Por quem as bucetas dobram
--- Anacreonte, vá até o bar do Maneca na
esquina e encontre com Pong. Imeadiatamente!
--- Quem diabos é Pong? Quem está falando? Que porra de história é essa?
Desligaram o telefone na minha cara. Puta merda. Uma única
frase dita dessa maneira misteriosa. A curiosidade me atiçava, mas
preferi abrir outra cerveja e voltar pras minhas ocupações.
Tocou de novo. Larguei a cerveja junto com a revista aberta na
página central, no ângulo ginecológico-panorâmico. Era bom que fosse
importante dessa vez.
--- Anacreonte, é sério, Pong está lá esperando. O futuro das
bucetas depende de você.
E desligaram de novo.
Filhos da puta. Eu detestava que me interrompessem quando
fazia algo importante. e aquela era uma edição especial recém lançada,
com todas as modelos que posaram nua na revista na última década. Uma
edição histórica que precisava ser apreciada com sossego.
Resolvi ir ver o china. Ele estava na frente do bar, parecendo
tenso e nervoso. Mão suadas, pernas compridas, rosto de guerrilheiro
vietnamita. Só podia ser o tal Pong. Ele veio falar comigo mas antes
de tudo lhe disse:
--- Primeiro me paga uma cerveja! Só assim poderei saber que
você está bem intencionado e ouvir o que você quer.
Ele parecia ter vindo despreparado para isso. Fez um muxoxo,
contou os trocados no bolso até juntar dois pila e meio (CARAMBA,
estava cada vez mais caro o líquido sagrado) e pediu a cerveja. Ficou
quieto me vendo beber o primeiro copo de uma vez. Servi o segundo e
disse-lhe para falar.
Ele remexeu nos bolsos e tirou um monte de fotos. Começou a
mostrá-las e me interrogar.
--- Coisa terrível, terrível. Veja, aqui, você sabe o que é
isso?
--- Claro uma buceta. Um belo espécime por sinal.
--- Certo, certo. E isso?
--- Hmm... não. Parece um casaco de peles caídos, ou um animal
morto com os intestinos revirados pra fora. Não sei.

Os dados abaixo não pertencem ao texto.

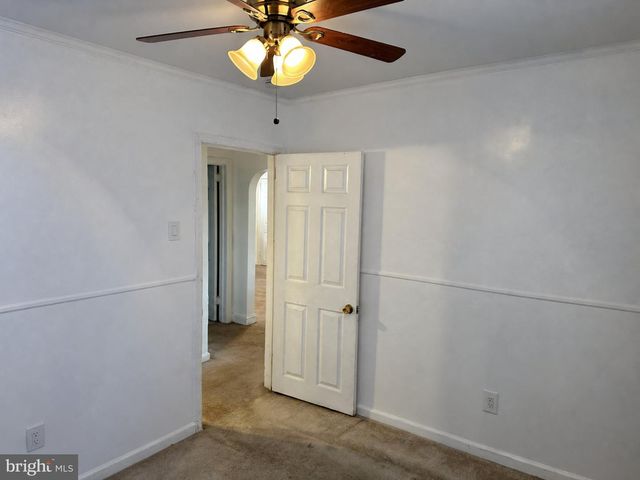 3519 CARNARVON AVE, Bristol, PA 19007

--- Ohhh.... é terrível, é terrível!
--- Que diabo, você pode parar com isso? O que é tão terrível?
--- É terrível, terrível. Veja você mesmo. Sabe agora o que é isso?
--- Bem, é a mesma coisa de antes, só que está numa mulher no lugar da buceta.
--- No, no. Você no vê. É a buceta. Essa é uma foto de 1930.
Assim era a buceta na época, veja você mesmo.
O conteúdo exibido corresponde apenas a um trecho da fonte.